_Your instructions_
Retype only the lines at the head of the records, first through the one with "Indulge in the", exactly as written.

─── Data to examine

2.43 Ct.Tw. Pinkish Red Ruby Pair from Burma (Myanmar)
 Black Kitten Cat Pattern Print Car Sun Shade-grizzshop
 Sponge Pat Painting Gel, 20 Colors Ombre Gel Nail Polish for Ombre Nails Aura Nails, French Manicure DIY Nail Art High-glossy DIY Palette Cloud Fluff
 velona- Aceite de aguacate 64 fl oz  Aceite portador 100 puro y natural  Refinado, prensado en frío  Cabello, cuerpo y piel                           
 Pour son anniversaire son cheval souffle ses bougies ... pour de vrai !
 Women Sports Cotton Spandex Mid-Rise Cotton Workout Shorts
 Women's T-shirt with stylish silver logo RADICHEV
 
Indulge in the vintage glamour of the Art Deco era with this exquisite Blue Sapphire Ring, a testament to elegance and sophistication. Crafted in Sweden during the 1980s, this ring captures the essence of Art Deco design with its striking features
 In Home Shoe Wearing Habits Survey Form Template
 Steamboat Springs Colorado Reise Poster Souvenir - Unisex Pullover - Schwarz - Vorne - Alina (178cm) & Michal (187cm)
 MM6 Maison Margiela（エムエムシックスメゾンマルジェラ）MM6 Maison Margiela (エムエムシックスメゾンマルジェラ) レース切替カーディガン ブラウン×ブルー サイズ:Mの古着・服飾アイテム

──────

_Exercise output_
2.43 Ct.Tw. Pinkish Red Ruby Pair from Burma (Myanmar)
 Black Kitten Cat Pattern Print Car Sun Shade-grizzshop
 Sponge Pat Painting Gel, 20 Colors Ombre Gel Nail Polish for Ombre Nails Aura Nails, French Manicure DIY Nail Art High-glossy DIY Palette Cloud Fluff
 velona- Aceite de aguacate 64 fl oz  Aceite portador 100 puro y natural  Refinado, prensado en frío  Cabello, cuerpo y piel                           
 Pour son anniversaire son cheval souffle ses bougies ... pour de vrai !
 Women Sports Cotton Spandex Mid-Rise Cotton Workout Shorts
 Women's T-shirt with stylish silver logo RADICHEV
 
Indulge in the vintage glamour of the Art Deco era with this exquisite Blue Sapphire Ring, a testament to elegance and sophistication. Crafted in Sweden during the 1980s, this ring captures the essence of Art Deco design with its striking features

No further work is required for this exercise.